17 November 2009

K-means vs GMM, sum-product vs max-product

I finished K-means and Gaussian mixture models in class last week or maybe the week before. I've previously discussed the fact that these two are really solving different problems (despite being structurally so similar), but today's post is about something different.

There are two primary differences between the typical presentation of K-means and the typical presentation of GMMs. (I say "typical" because you can modify these algorithms fairly extensively as you see fit.) The first difference is that GMMs just have more parameters. The parameters of K-means are typically the cluster assignments ("z") and the means ("mu"). The parameters of a GMM are typically these (z and mu) as well as the class prior probabilities ("pi") and cluster covariances ("Sigma"). The GMM model is just richer. Of course, you can restrict it so all clusters are isotropic and all prior probabilities are even, in which case you've effectively removed this difference (or you can add these things into K-means). The second difference is that GMMs operate under the regime of "soft assignments," meaning that points aren't wed to clusters: they only prefer (in a probabilistic sense) some clusters to others. This falls out naturally from the EM formalization, where the soft assignments are simply the expectations of the assignments under the current model.

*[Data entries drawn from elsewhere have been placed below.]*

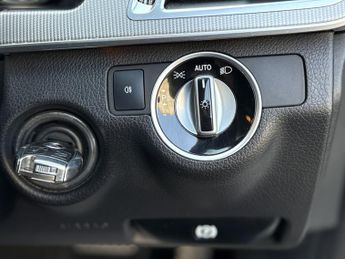 MERCEDES-BENZ E CLASS 2.1 E220 CDI AMG Sport
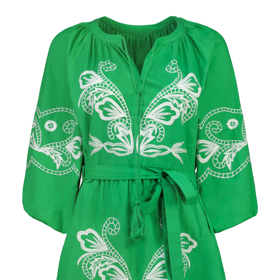 Šaty s vázačkou zdobí kontrastní výšivka s folklorními prvky. F&F, 699 Kč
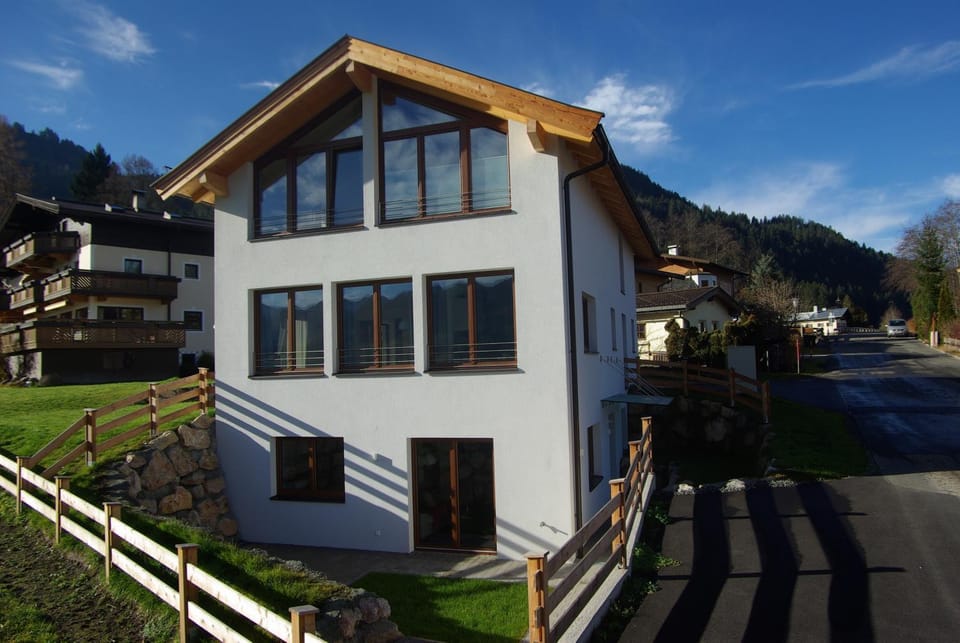 Facade/entrance, Day, Neighbourhood, Natural landscape, Garden, Garden, Golfcourse, Golfcourse, Skiing, Skiing, Balcony/Terrace, Balcony/Terrace, Hiking, Hiking, Cycling, Cycling, Autumn, On site, Garden view, Mountain view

One can get rid of the second difference by running "hard EM" (also called "Viterbi EM" in NLP land), where the expectations are clamped at their most likely value. This leads to something that has much more of a K-means feel.

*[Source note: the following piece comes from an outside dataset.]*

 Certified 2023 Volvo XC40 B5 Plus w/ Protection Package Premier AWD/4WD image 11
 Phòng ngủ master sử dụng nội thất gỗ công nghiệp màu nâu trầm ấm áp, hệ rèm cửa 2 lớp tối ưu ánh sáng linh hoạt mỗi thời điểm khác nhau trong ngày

This "real EM" versus "hard EM" distinction comes up a lot in NLP, where computing exact expectations is often really difficult. (Sometimes you get complex variants, like the "pegging" approaches in the IBM machine translation models, but my understanding from people who run in this circle is that pegging is much ado about nothing.) My general feeling has always been "if you don't have much data, do real EM; if you have tons of data, hard EM is probably okay." (This is purely from a practical perspective.) The idea is that when you have tons and tons of data, you can approximate expectations reasonably well by averaging over many data points. (Yes, this is hand-wavy and it's easy to construct examples where it fails. But it seems to work many times.) Of course, you can get pedantic and say "hard EM sucks: it's maximizing p(x,z) but I really want to maximize p(x)" to which I say: ho hum, who cares, you don't actually care about p(x), you care about some extrinsic evaluation metric which, crossing your fingers, you hope correlates with p(x), but for all I know it correlates better with p(x,z).

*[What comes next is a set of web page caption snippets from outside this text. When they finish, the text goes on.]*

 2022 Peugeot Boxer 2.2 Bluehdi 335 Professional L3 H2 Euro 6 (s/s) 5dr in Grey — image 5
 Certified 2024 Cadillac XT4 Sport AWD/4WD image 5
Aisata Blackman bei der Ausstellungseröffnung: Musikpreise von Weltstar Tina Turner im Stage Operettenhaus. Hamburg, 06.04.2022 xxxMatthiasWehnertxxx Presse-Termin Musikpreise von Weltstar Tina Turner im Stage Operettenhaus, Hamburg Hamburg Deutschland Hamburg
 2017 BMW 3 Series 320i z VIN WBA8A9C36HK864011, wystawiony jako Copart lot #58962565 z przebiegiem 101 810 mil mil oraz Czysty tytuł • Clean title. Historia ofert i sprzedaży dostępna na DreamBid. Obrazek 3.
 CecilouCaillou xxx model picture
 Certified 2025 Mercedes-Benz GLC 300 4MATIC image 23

Nevertheless, a particular trusted friend has told me he's always remiss when he can't do full EM and has to do hard EM: he's never seen a case where it doesn't help. (Or maybe "rarely" would be more fair.) Of course, this comes at a price: for many models, maximization (search) can be done in polynomial time, but computing expectations can be #P-hard (basically because you have to enumerate -- or count -- over every possible assignment).

Now let's think about approximate inference in graphical models. Let's say I have a graphical model with some nodes I want to maximize over (call them "X") and some nodes I want to marginalize out (call them "Z"). For instance, in GMMs, the X nodes would be the means, covariances and cluster priors; the Z nodes would be the assignments. (Note that this is departing slightly from typical notation for EM.) Suppose I want to do inference in such a model. Here are three things I can do:
  1. Just run max-product. That is, maximize p(X,Z) rather than p(X).
  2. Just run sum-product. That is, compute expectations over X and Z, rather than just over Z.
  3. Run EM, by alternating something like sum-product on Z and something like max-product onX.
Of these, only (3) is really doing the "right thing." Further, let's get away from the notion of p(X) not correlating with some extrinsic evaluation by just measuring ourselves against exact inference. (Yes, this limits us to relatively small models with 10 or 20 binary nodes.)

What do you think happens? Well, first, things vary as a function of the number of X nodes versus Z nodes in the graph.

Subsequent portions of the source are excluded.